Start of SUPPLIED INFORMATION
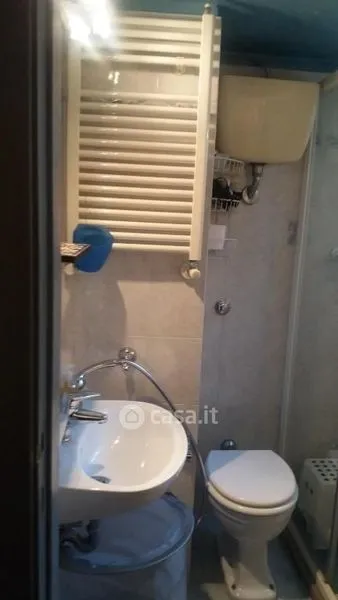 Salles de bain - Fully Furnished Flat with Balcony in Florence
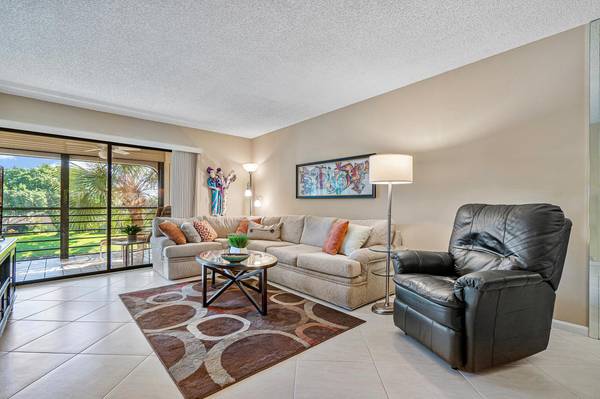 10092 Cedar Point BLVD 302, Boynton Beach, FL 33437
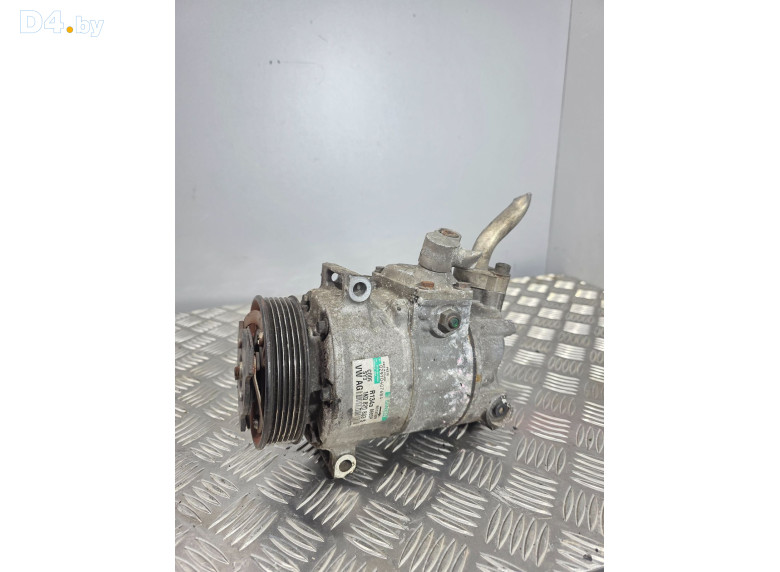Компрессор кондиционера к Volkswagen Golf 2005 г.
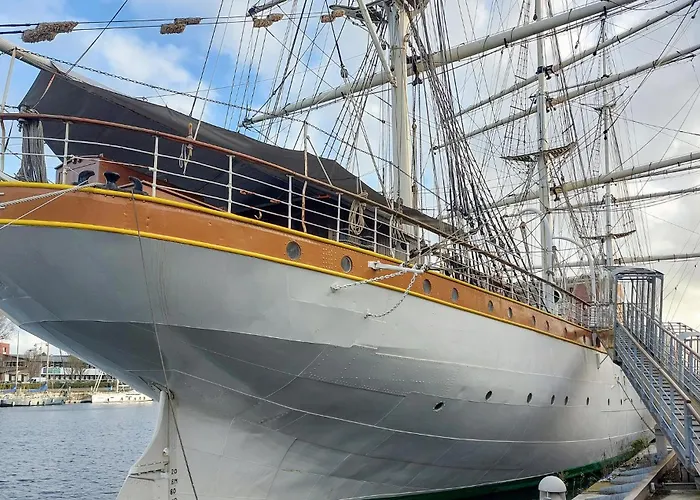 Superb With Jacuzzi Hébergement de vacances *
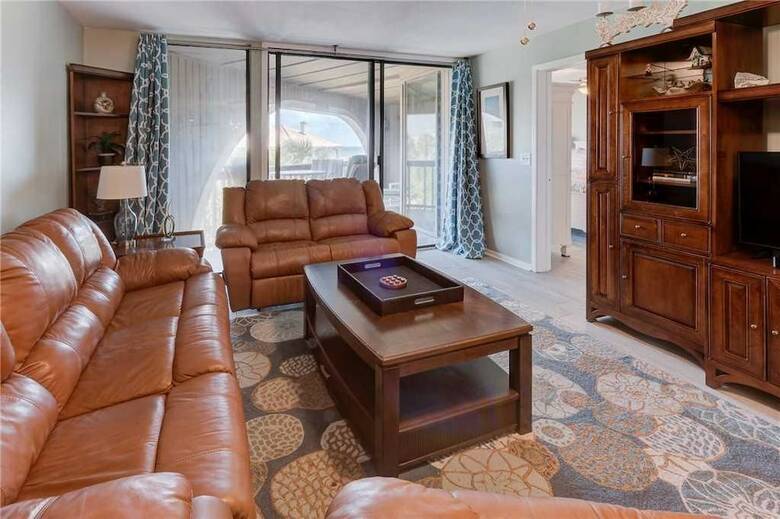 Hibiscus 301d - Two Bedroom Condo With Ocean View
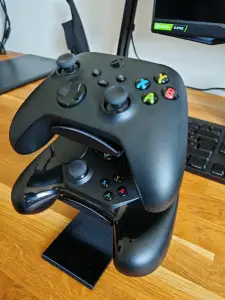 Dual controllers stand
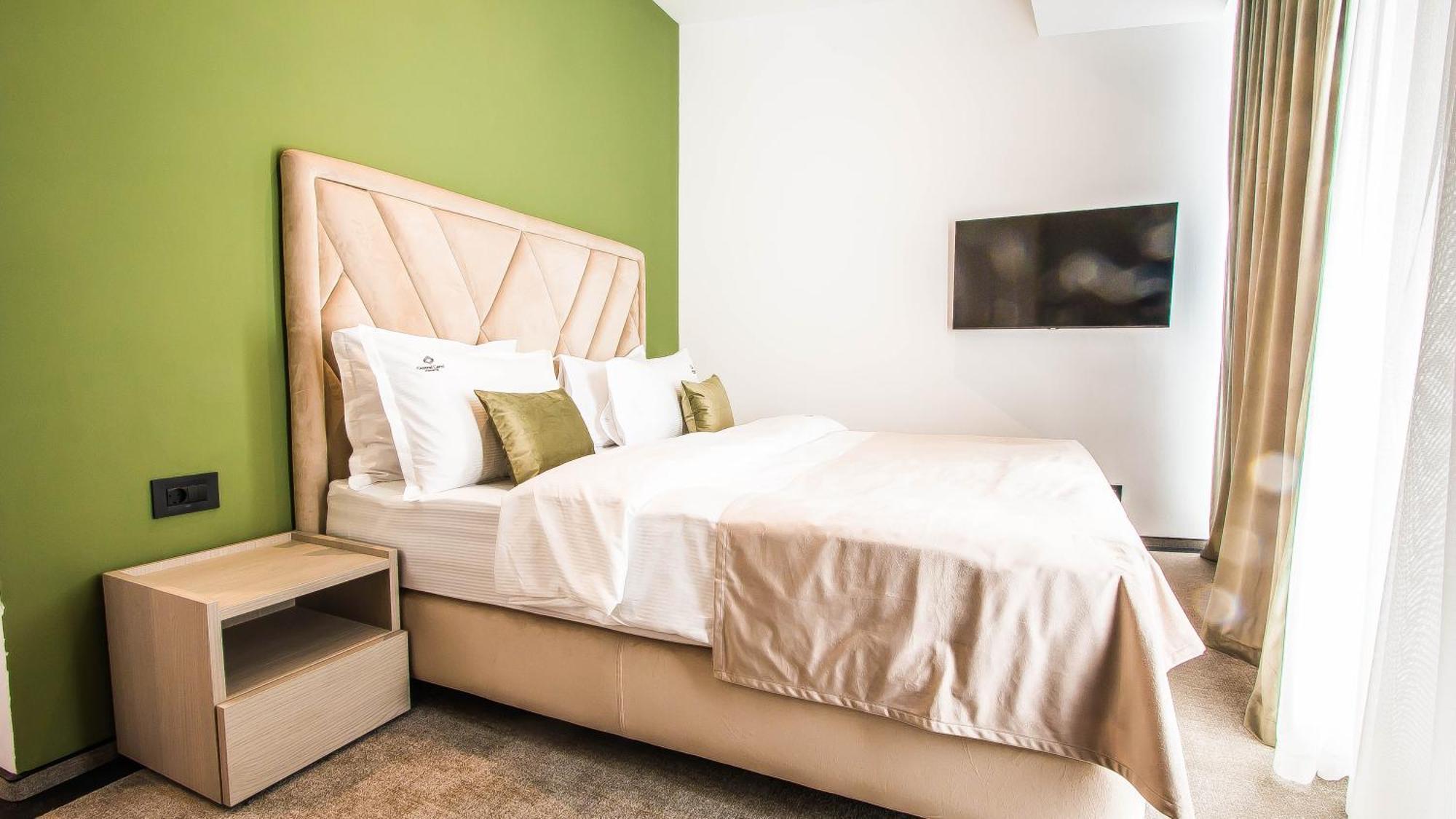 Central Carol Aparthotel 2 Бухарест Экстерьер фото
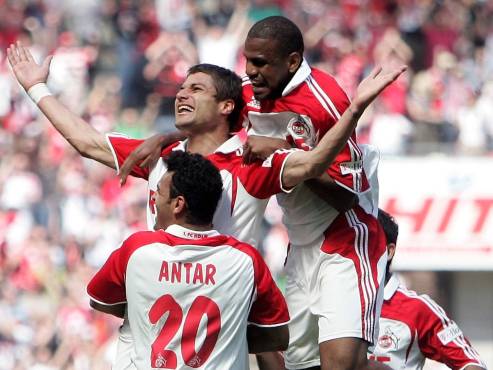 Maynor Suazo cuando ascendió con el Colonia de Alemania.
End of SUPPLIED INFORMATION
» **TASK REQUIREMENTS**
Skip the pictures, then return the rest of the data exactly.

» **WRITTEN ANSWER**
 Salles de bain - Fully Furnished Flat with Balcony in Florence
 10092 Cedar Point BLVD 302, Boynton Beach, FL 33437
Компрессор кондиционера к Volkswagen Golf 2005 г.
 Superb With Jacuzzi Hébergement de vacances *
 Hibiscus 301d - Two Bedroom Condo With Ocean View
 Dual controllers stand
 Central Carol Aparthotel 2 Бухарест Экстерьер фото
 Maynor Suazo cuando ascendió con el Colonia de Alemania.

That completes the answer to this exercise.